24. A mature somatic gymnosperm embryo characterized by having been preserved at 4 ° C the immature embryo that originated it, its product after reinduction, named embryogenic tissue having proliferated adequately at the lowest concentration of growth regulators tested, having been treated for a period of time that allows to lower the proliferation to the minimum level corresponding to that genotype, to have had a treatment with an absorbent that allows the start of the development of the somatic embryo and to have had a maturation treatment in medium with a high content of nitrate, carbon source, high concentration of a maturation promoter, and a drying agent.

25. A mature somatic gymnosperm embryo according to claim 24, characterized by being analogous to a gymnosperm zygotic embryo.

26. A mature somatic gymnosperm embryo according to claim 25, wherein a conifera is named gymnosperm.

27. A mature coniferous somatic embryo according to claim 26, where an embryo is named that comes from the Pinaceae family.

28. A mature coniferous somatic embryo according to claim 27, where an embryo is named that comes from the genus Pinus.

29. A mature somatic pinacea embryo according to claim 28, wherein all those that come from the genus Pinus are named embryos.

30. A method according to claim 24, wherein the so-called embryos are developed in a time range between 1-12 weeks.

31. A method according to claim 24, wherein the so-called embryos are developed in a time range between 3-10 weeks.

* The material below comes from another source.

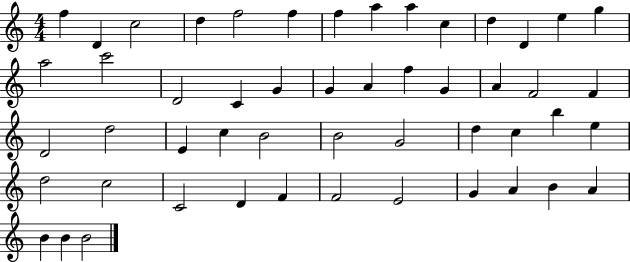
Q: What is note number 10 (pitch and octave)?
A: C5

32. A method according to claim 24, wherein the so-called embryos are developed in a time range between 5-8 weeks.

33. A method according to claim 24, wherein the ratio of ammonium to nitrate is 10:90.

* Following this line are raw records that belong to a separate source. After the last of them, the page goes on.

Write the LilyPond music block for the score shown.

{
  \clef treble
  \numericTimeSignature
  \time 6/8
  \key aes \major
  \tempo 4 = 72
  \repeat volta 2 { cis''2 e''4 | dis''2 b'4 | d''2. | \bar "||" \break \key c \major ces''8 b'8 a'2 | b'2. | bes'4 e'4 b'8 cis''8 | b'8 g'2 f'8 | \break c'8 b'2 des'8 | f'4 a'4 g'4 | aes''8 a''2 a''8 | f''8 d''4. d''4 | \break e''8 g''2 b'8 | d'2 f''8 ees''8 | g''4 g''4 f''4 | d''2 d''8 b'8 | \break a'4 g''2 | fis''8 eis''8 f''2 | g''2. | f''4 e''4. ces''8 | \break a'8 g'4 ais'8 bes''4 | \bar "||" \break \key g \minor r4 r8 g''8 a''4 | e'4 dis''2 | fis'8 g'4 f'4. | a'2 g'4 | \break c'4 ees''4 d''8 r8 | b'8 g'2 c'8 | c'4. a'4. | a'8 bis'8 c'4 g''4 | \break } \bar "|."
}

34. A method according to claim 24, wherein the ratio of ammonium to nitrate is 20:80.

35. A method according to claim 24, wherein the ratio of ammonium to nitrate is 30:70.

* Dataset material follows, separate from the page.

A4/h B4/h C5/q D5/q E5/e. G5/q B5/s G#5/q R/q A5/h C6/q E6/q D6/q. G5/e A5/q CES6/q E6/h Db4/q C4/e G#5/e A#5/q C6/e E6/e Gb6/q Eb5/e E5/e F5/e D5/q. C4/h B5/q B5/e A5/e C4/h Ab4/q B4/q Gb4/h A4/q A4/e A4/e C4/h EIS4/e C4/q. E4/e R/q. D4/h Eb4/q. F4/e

36. A method according to claim 24, wherein the carbon source is maltose.

37. A method according to claim 24, wherein the concentration of maltose is 3% and 9%.

38. A method according to claim 24, wherein the maturation promoter is ABA or its analogues.

39. A method according to claim 24, wherein the concentration of ABA in said medium has a range between 60 to 100 uM.

40. A method according to claim 24, wherein the desiccating agent in said medium is "gellan gum".

41. A method according to claim 24, wherein the concentration of "gellan gum" in said medium is in a range of 0.5 to 0.65. CONSERVATION IN REFRIGERATION, CULTIVATION IN SUSPENSION AND MATURATION OF SOMATIC EMBRYOS OF GYMNOSPERMS ABSTRACT A new method to obtain mature somatic embryos of gymnosperms, based on refrigeration and suspension culture to conserve the embryogenic capacity of immature somatic embryos. Which consists of maintaining immature somatic embryos in a liquid medium at 4 ° C for a maximum period of one year; the reinduction and proliferation of immature embryos, treatment to reduce the proliferation and maturation of somatic embryos. With the exception of the last stage, everything was done by suspension cultures. The germination of the embryos and the development of the plant were done in a conventional manner.